February 21, 2006



Baseball Statistics and Free Speech

Posted by Eric Jaffa
Thursday January 19th 2006, 6:45 am
Filed under: Free Speech, Free Press, Courts

From Kevin of Lean Left:

On Tuesday, I heard Keith Olbermann talking about MLB suing some stats provider. MLBs claim was apparently that the stats and statistical profiles of major league players were the property of MLB and the players association. They were arguing not that a particular record of the stats was protected under the country’s IP laws, but that all stats everywhere were.
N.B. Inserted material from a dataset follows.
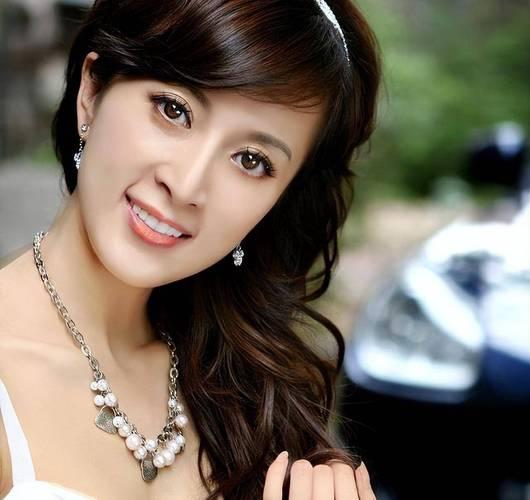 骗光明星20亿，连亲妈都不放过，霍家“逆子”被钉上“耻辱柱”！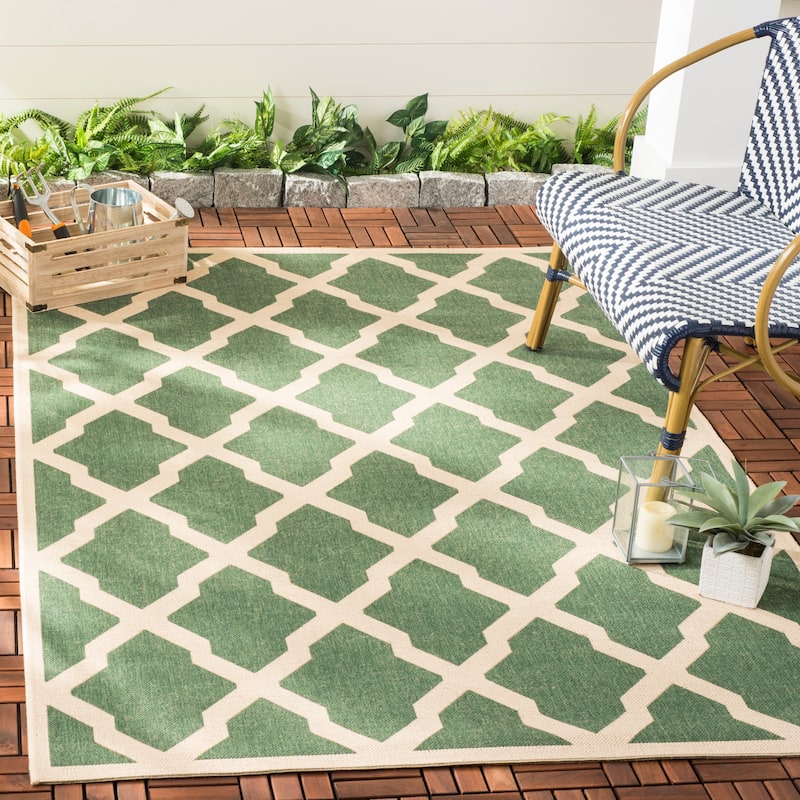 SAFAVIEH Beach House Petrona Indoor/ Outdoor Waterproof Patio Backyard Rug - 4' x 6' - Green/Creme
…MLB is arguing that they own the statistics to all baseball games, no matter who records them or in what format they are recorded. Your scorecards form the game, the USA Today box scores, and the ESPN scroll all belong to MBL under this line of reasoning. I sincerely hope that I am either misunderstanding their argument or that this will get laughed out of court.

The fact that it got this far, however, is another black mark against our intellectual property laws. In our intellectual property regime, it is possible to patent a gene…and MLB is arguing that it is possible to copyright not a particular recording of a historical event but the actual event itself. How did we get to the point where this kind of nonsense is actually advanced by a reputable law firm?

The AP has more:

A company that runs sports fantasy leagues is asking a federal court to decide whether major leaguers’ batting averages and home run counts are historical facts that can be used freely or property that can be sold.